+0.17% for Tesla stock as EU tariff increases cost pressure at Giga Shanghai
Tesla, Inc. (TSLA) is trading at $381.41 after a 0.17% gain today, continuing to hold below the MA-20 ($397.52), MA-50 ($414.19), and MA-200 ($394.62), which reflects persistent seller pressure in both short-term and long-term perspectives. The Ichimoku Kijun level at $394.28 marks an immediate resistance zone for the stock.
Highlights
- The EU imposed a 7.8% tariff on Tesla’s China-made vehicles, significantly escalating cost and strategic risks for Giga Shanghai exports.
- Tesla’s reliance on Chinese suppliers, with a planned $2.9 billion solar equipment purchase, heightens vulnerability to future shifts in global trade policy.
- TSLA trades below key moving averages with weak momentum, and is expected to remain rangebound between $374.00 and $386.00 over the next week.

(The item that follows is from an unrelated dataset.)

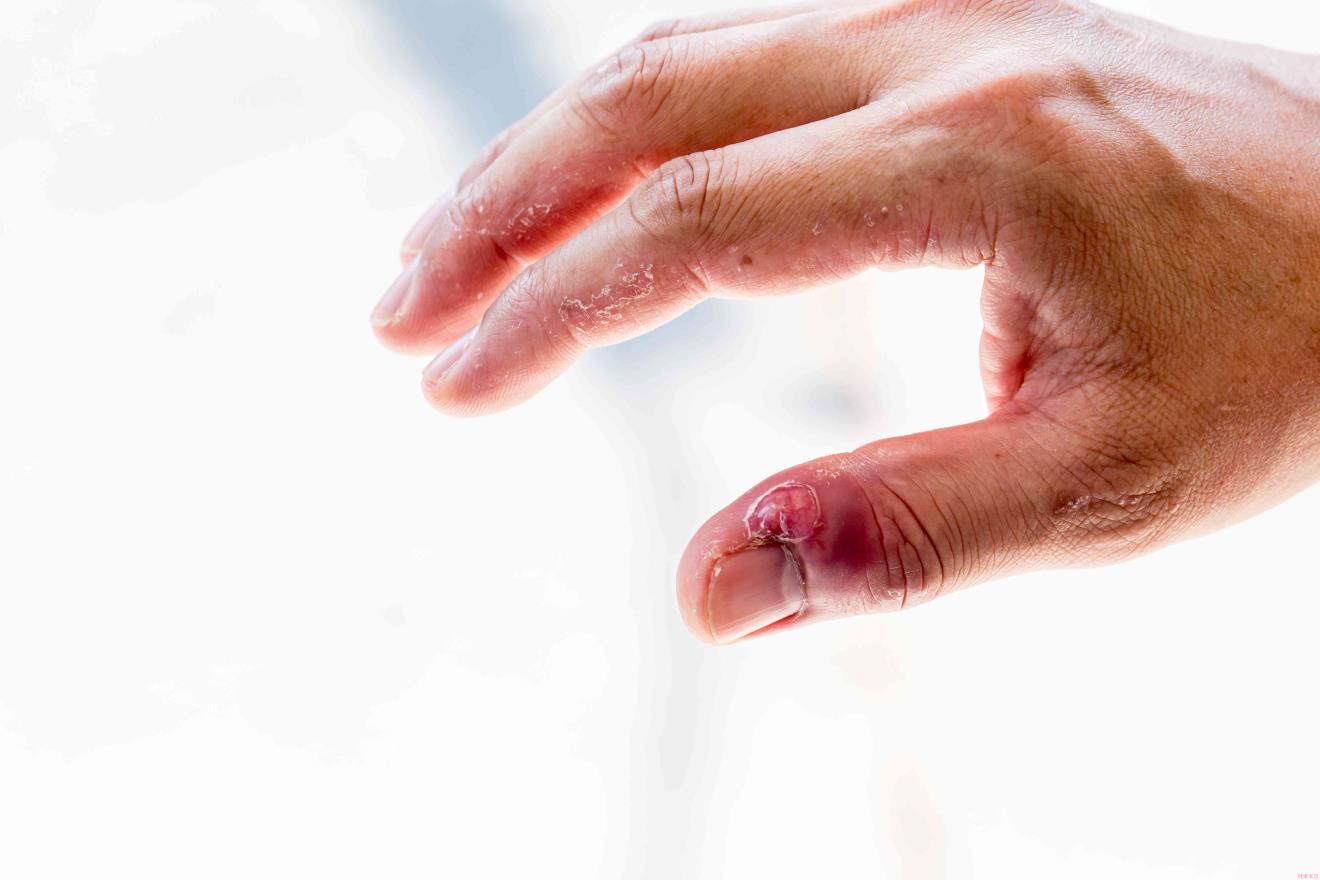 Paronychia: swollen finger with fingernail bed inflammation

Strategic risk rises as EU tariffs and China reliance widen cost exposure
The European Union has imposed a 7.8% tariff on Tesla's China-made exports following an anti-subsidy investigation into Chinese electric vehicles, raising cost pressures on the Giga Shanghai facility and creating additional strategic risk. Tesla has already absorbed over $500 million in tariff-related costs during Q4 2025 according to Stifel, directly impacting its gross margins. The company's growing reliance on Chinese suppliers, with a planned $2.9 billion purchase of solar equipment from China, increases vulnerability to future changes in trade policy or regulatory action among the U.S., EU, and China.
Bearish momentum dominates as oversold readings clash with near-term bounce signals
Momentum indicators are mostly bearish. Both MACD and ADX point to continued downward pressure. RSI is at 40.20, CCI is at –153.38, and BBP readings indicate that TSLA trades in oversold territory, while Stoch RSI hints at a possible short-term bounce. The Hull Moving Average signals near-term buy potential, diverging from the dominant negative momentum indicated by the Awesome Oscillator; volatility is moderate, and intraday price action lacks strong direction after an early gap down.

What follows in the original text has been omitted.